With enhancement of technological processes intensity, requirements to improvement of instrumentation and equipment service durability and reliability, determined mostly by structural materials application, become stricter. High-alloyed steels and alloys with high corrosion resistance are of the most interest. Susceptibility to local corrosion in oxidizing media: intergranular corrosion (IGC) – in areas exposed to heating to 450^?? at welding and thermal treatment, knife-line corrosion – in the near-weld zones of welded joints, corrosion cracking – in the strained areas of structures, is the disadvantage of these steels and alloys.

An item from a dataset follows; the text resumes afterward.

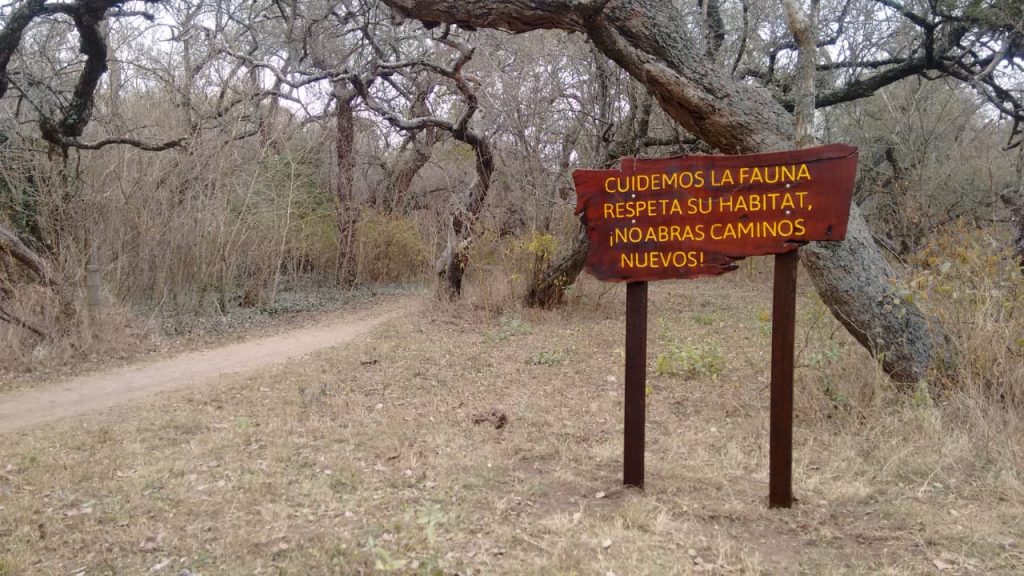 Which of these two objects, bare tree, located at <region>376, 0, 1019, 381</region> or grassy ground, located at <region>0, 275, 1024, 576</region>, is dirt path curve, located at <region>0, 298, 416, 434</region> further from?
bare tree, located at <region>376, 0, 1019, 381</region>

Large volumes of XH28MDT-type alloys are used as a structural material for a number of rather corrosive media encountered at production of complex mineral fertilizers, sulphuric, phosphoric acids, etc. Among the range of alloys developed for sulphuric acid hot solutions (Table 1), the alloy 03XH28MDT is the most corrosion-resistant and recommended for the sulphuric acid of any concentration at the temperature not exceeding 80^??.

Table 1

Structural materials for oxidizing media

However, even at a very low carbon content (0,02%) such type alloys at certain conditions disclose susceptibility to IGC. Metal exposure in the critical temperature interval region over 3-10 minutes, depending on the quenching temperature, may alone cause development of this type of corrosion in operating conditions. Rising of the quenching temperature to 1300^?? results in reduction of resistance to IGC. The XH28MDT-type alloys reduced resistance to IGC in a number of media is explained not only by the high nickel contents, improving carbon’s thermodynamic activity rating in the solid solution, but also by unstable titanium carbides passing into the solid solution at welding [2].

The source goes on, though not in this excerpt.